GOAL OF THE EXERCISE: With pictures removed, output every record below exactly as written.

Brief descriptive captions

────────

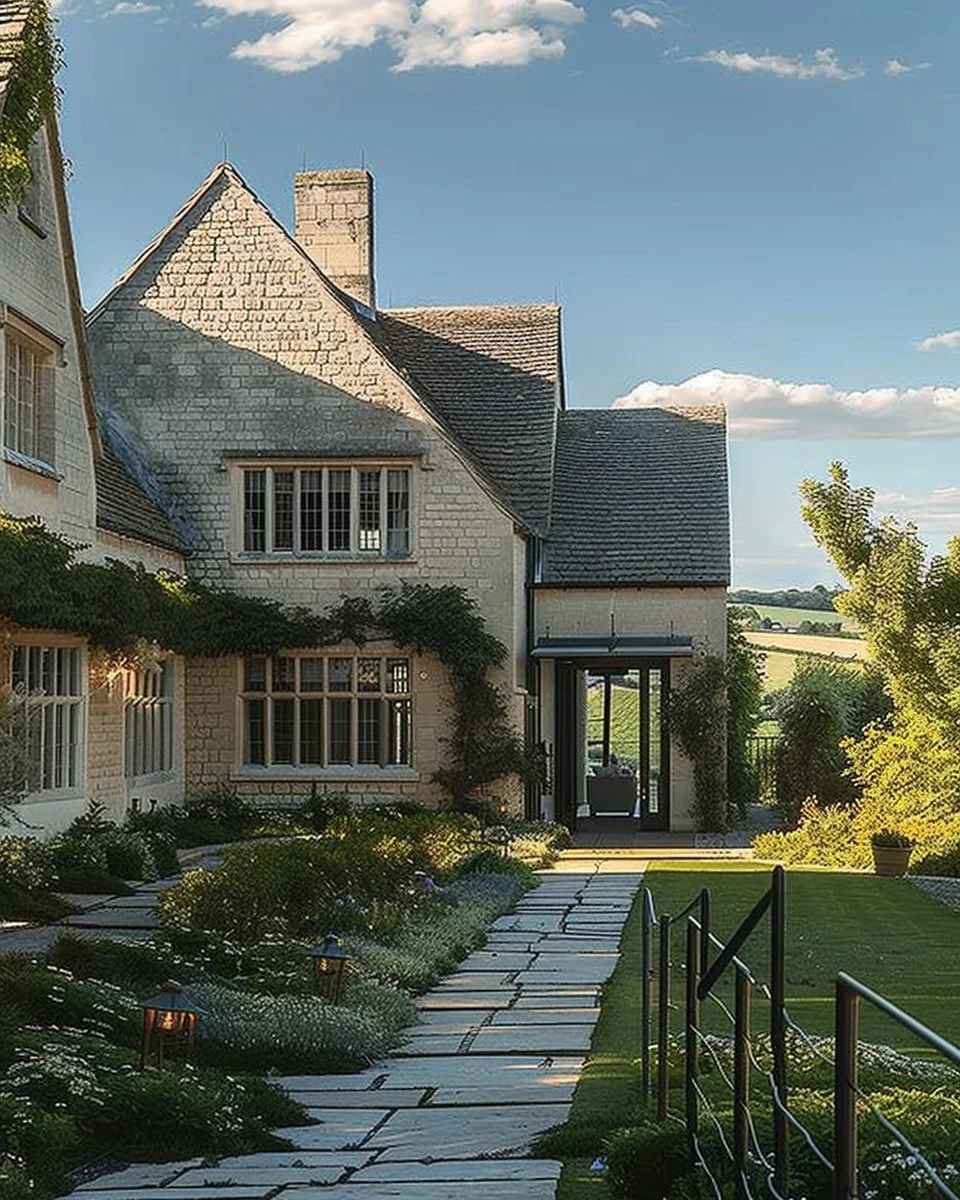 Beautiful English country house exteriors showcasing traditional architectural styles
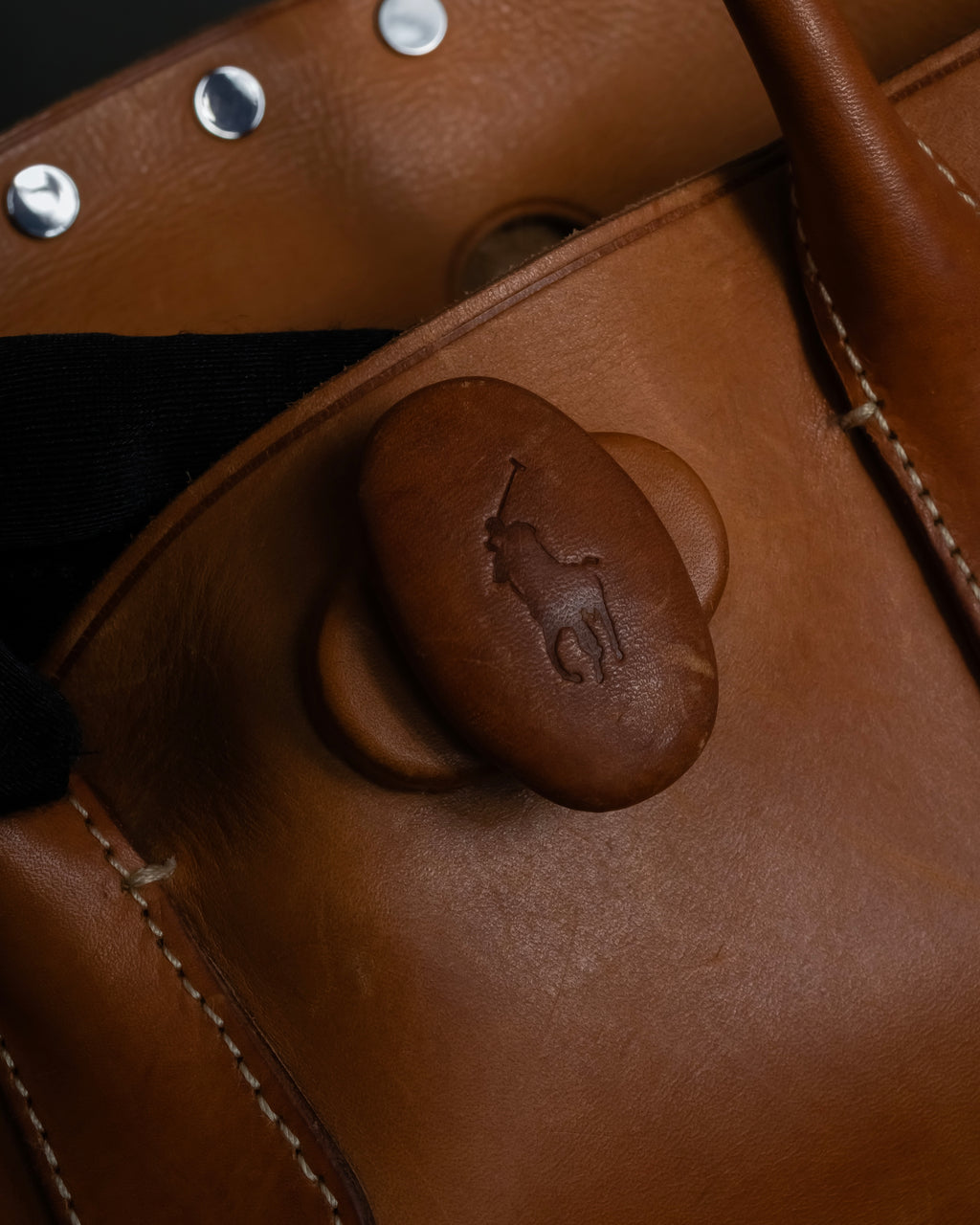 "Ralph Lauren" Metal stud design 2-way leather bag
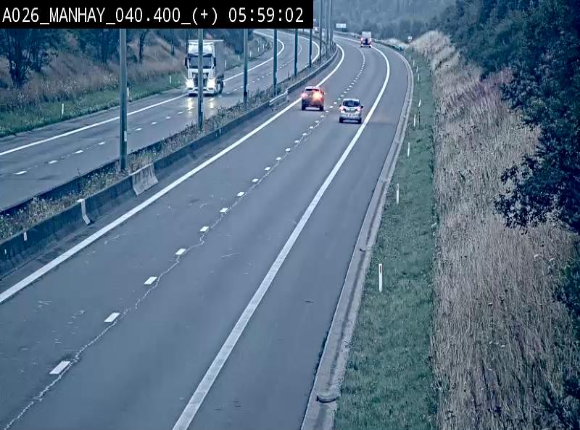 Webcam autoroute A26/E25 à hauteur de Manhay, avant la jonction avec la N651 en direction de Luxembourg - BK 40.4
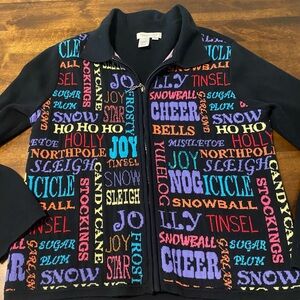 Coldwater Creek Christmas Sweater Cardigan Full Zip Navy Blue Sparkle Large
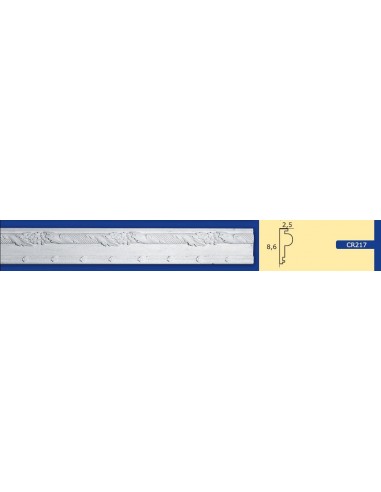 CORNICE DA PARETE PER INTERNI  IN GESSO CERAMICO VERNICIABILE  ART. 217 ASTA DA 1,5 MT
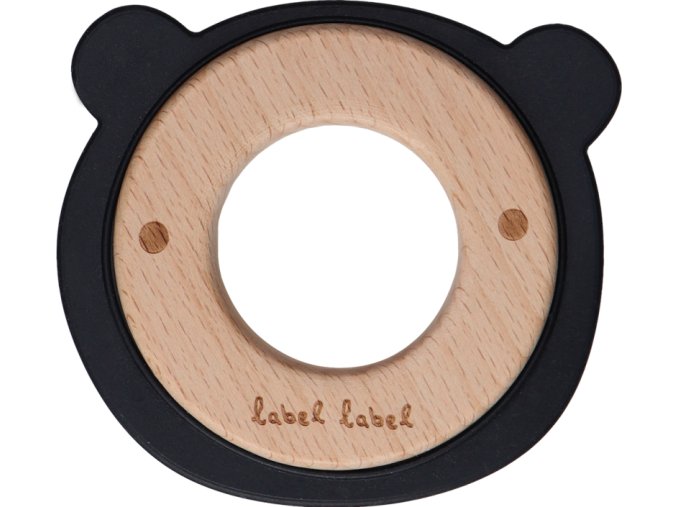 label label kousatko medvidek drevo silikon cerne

────────

OUTPUT OF THE TASK:
 Beautiful English country house exteriors showcasing traditional architectural styles
 "Ralph Lauren" Metal stud design 2-way leather bag
 Webcam autoroute A26/E25 à hauteur de Manhay, avant la jonction avec la N651 en direction de Luxembourg - BK 40.4
 Coldwater Creek Christmas Sweater Cardigan Full Zip Navy Blue Sparkle Large
 CORNICE DA PARETE PER INTERNI  IN GESSO CERAMICO VERNICIABILE  ART. 217 ASTA DA 1,5 MT
 label label kousatko medvidek drevo silikon cerne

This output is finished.